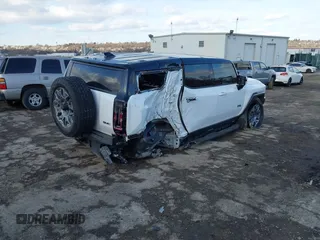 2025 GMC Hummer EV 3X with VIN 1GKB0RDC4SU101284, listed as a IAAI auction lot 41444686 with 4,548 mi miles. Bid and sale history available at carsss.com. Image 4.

--

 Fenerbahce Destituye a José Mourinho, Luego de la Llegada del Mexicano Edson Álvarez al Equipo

...

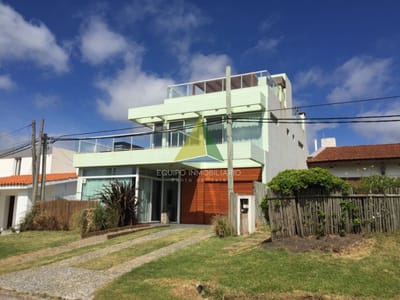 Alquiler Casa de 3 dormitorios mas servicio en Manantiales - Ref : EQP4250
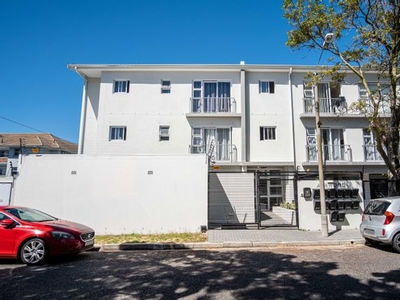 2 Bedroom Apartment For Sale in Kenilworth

→ Task prompt: Everything from the line with "Alquiler Casa de" down to the line with "2 Bedroom Apartment For Sale in Kenilworth" in the data above should be copied exactly, with both end lines kept and the pictures left out.

→ Answer below:
 Alquiler Casa de 3 dormitorios mas servicio en Manantiales - Ref : EQP4250
 2 Bedroom Apartment For Sale in Kenilworth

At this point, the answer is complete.